What you should do>
Find the lines below that contain the string "Jacksonville". Copy each one.

Caption-style text data>

· · ·

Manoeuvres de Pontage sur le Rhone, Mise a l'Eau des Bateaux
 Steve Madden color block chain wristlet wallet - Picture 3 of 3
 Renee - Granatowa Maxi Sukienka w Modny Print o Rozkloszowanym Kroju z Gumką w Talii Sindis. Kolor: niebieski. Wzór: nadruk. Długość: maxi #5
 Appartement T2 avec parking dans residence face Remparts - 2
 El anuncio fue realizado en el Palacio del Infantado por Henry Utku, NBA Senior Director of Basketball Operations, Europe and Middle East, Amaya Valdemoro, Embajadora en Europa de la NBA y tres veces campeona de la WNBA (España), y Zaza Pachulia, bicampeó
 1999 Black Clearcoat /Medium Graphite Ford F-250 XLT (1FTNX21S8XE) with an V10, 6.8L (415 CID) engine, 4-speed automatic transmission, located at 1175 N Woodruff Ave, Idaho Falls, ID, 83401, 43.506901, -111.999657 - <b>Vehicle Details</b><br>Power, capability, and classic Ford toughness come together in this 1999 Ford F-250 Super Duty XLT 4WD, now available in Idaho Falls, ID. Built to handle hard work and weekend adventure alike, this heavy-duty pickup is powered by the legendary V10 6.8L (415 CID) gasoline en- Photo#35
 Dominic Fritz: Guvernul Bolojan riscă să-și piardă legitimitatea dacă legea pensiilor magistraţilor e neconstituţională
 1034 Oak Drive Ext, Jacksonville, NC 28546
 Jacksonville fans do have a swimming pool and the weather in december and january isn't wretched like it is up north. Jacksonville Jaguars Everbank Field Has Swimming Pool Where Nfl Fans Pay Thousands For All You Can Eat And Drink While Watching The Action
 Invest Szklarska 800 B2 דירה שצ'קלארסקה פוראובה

· · ·

Completed exercise>
 1034 Oak Drive Ext, Jacksonville, NC 28546
 Jacksonville fans do have a swimming pool and the weather in december and january isn't wretched like it is up north. Jacksonville Jaguars Everbank Field Has Swimming Pool Where Nfl Fans Pay Thousands For All You Can Eat And Drink While Watching The Action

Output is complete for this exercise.